When we’re forced into something we don’t like or don’t want to, one of the possible responses from the human being can be aversion. That aversion can be more about contrast than rejection per se. When you physically push against a brick wall, you might feel like “the wall is pushing back”; a sense of aversion to a place/setting can primarily be a reflection of being forced to be trapped in that setting; if that wasn’t the case the aversion might not have existed. If the child were to cross paths with the same adults in the street but with them being literal strangers (the analogy at the beginning), they would probably feel indifferent to them, and not much else. Meaning, the child might not necessarily hold rejection towards the individuals if they weren’t bound to each other. But because the child is trapped with them, that sensation of discomfort, as well as any other displeasure in that setting, can create that aversion.

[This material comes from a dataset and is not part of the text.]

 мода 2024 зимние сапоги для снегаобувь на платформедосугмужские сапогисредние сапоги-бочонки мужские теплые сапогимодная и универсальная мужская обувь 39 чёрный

Yet, the child’s mind may not make sense of that sensation. It may not even be able to process it at all, particularly when the child is at a very early stage of growth – yet the child is still a hostage spiritually. So instead, the child can develop forms of distaste and rejection, if not revulsion, targetting specific moments, events, or focusing on very particular details, that happen to be associated with the setting and the people in it – like a ‘proxy’, if you will. For instance, if the child had a door in their room when growing up, and this door had a yellow knob, and in this room they consistently experienced sadness, feeling lost, invisible, neglected or invalidated, and so on, the adult may later develop a strong emotion against all yellow knobs they see. The yellow knob stood out as a specific detail in that setting, and the association became engraved as synonym with the trauma. Another example: if the child’s parents had freckles, they may develop an aversion to freckles, or any other physical characteristic of the parents, even if a very minor one. The focus of the reaction will apply to both the others but also to the self; when it’s something related to the physical body it can give rise to body image issues, body dysmorphia, and so on. This can impact all things related to body image, as well as how others are perceived, valued, and engaged.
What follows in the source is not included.